Is this not unusual with Dunhills?
It's not unusual at all, and in fact, is pretty much the norm with most of the classic marques. Gaps are far more common than flush-fits. The notion of fitting the tenon to the mortise floor is a relatively modern one, and one that none of the early makers thought to do. And, in fact, while pipes with these gaps may gurgle, the malady can be corrected using other techniques, as well.

The gap results in an expansion chamber, in which the smoke will cool, causing moisture to condense. The real culprit with the gurgle isn't the gap so much as it is the inlet to the tenon. If it's smaller than the airway through the shank, the velocity at that point will be higher for a given flow rate, so as the moisture condenses, it can be sucked up into the tenon, causing the gurgle. A simple technique of funneling the tenon's inlet can minimize or even eliminate the gurgle, but it will leave the moisture in the chamber, requiring more thorough cleaning between smokes.

One could make an argument either way whether or not the gap is beneficial to the smoke, or detrimental.

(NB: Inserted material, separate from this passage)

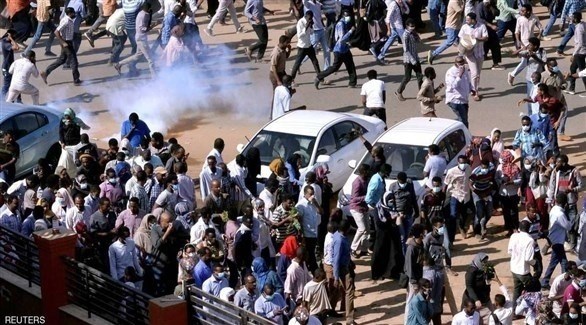 جانب من الاحتجاجات التي خرجت في السودان (رويترز)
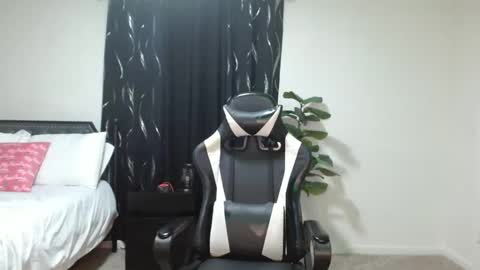 Krystal Blake online show from April 30, 5:30 pm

On one hand, the expansion affords some cooling of the smoke stream, and with some of the moisture condensing out, the smoke could be somewhat more concentrated, or rather, less dilluted by the moisture. And, since water vapor carries significantly higher heat energy due to its higher thermal mass, the smoke might be perceived as cooler in a pipe with a signficant gap. Further, some of the tars with a higher melting point may also be deposited, making for a "cleaner" smoke.

On the other hand, there's almost certainly some flavour carried with the water vapor, especially in the form of solvated sugars and other soluble flavour/aroma molecules, and some of these "good things" may well precipitate out in the gap, as well.

In reality, I've got pipes made both ways. In many cases, I've "fixed" the ones with the gap if they gurgled. (In fact, I really need to finish an article for the Chronicles about one such modification.) I've got great smoking pipes from both "camps," so I'm not sure that, in practise, it really makes that much difference. In fact, the Castello stack I'm smoking right now has a gap of about 6mm, and it smokes wonderfully with fantastic flavour, but so did the Roush I smoked last night with no gap.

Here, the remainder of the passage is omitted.